Había alguien en la habitación; pero la intensa luz del sol, que entraba por los enormes ventanales que daban al exterior, cegó temporalmente la vista del anciano, que no pudo ver, hasta unos segundos más tarde, el semblante angelical de la esbelta jovencita que temblaba emocionada frente a él.
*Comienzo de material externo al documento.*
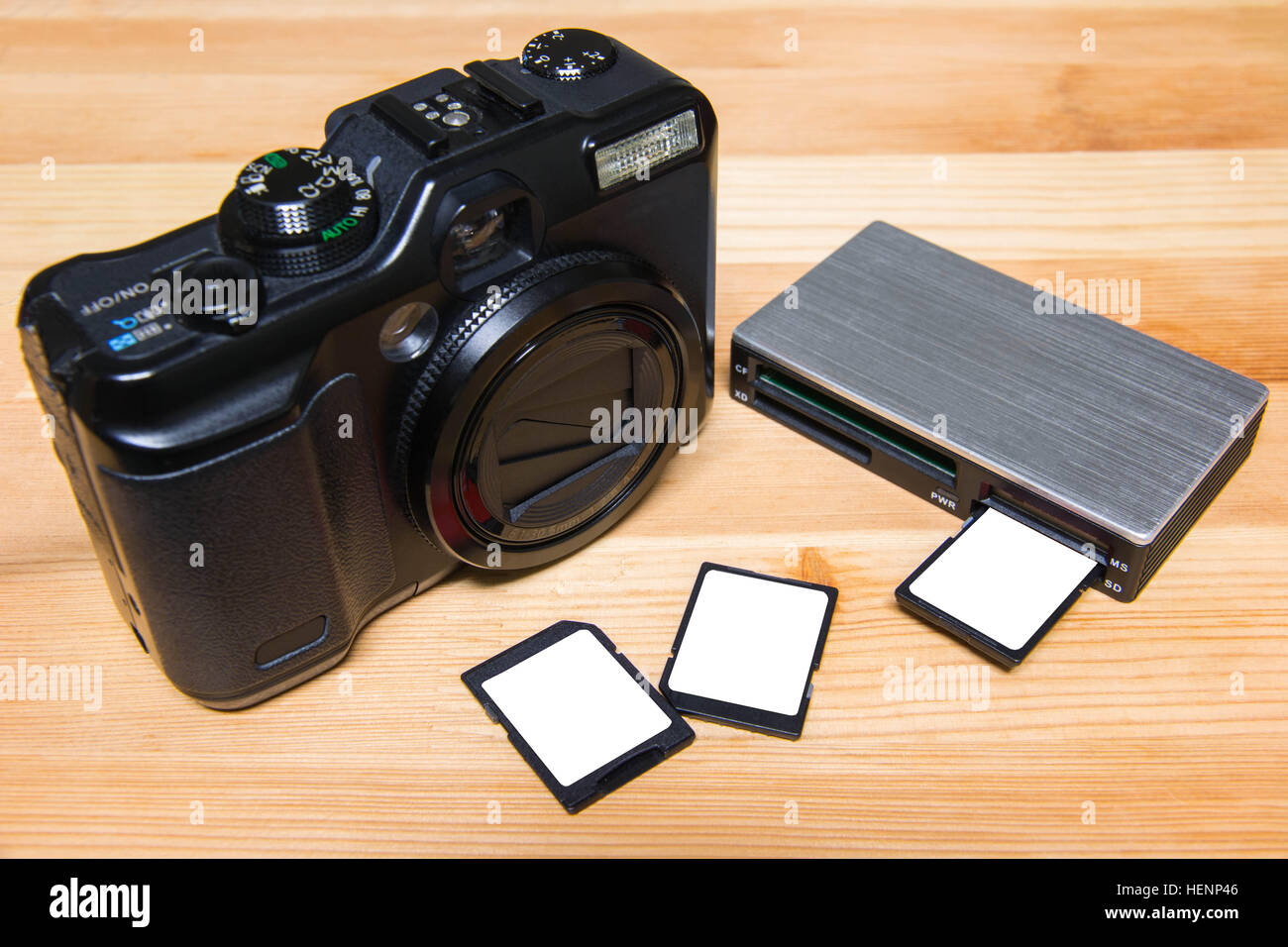 usb card reader with 3 cards and camera on wooden table ready to use Stock Photo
Don Federico, nada más verla, la reconoció, y dio gracias al cielo y a la abnegada ayuda de aquel avispado jovencito, a quien siempre había considerado su ángel de la guarda; porque de no haber sido por Luisito, jamás se hubiera podido liberar de los grilletes que le ataban a aquella pesada carga que, durante tantos años, había llevado sobre sus hombros. Aturdido por la fuerte impresión y embriagado por una inmensa alegría, evocó, por última vez, aquellas burbujas que veía en sus sueños; aparecieron por todas partes trayendo consigo aromas arcaicos; escaparon por los huecos de las ventanas y los resquicios de las puertas; ocuparon las avenidas y las calles; recorrieron sinuosos caminos y bosques sombríos; invadieron las plazas y las arboledas y se llevaron en volandas a don Federico Abadía hacia un lugar lejano, donde, por fin, pudo ver el rostro de aquella niña, que correteaba por la pradera rodeada de flores silvestres y de un sinfín de burbujas.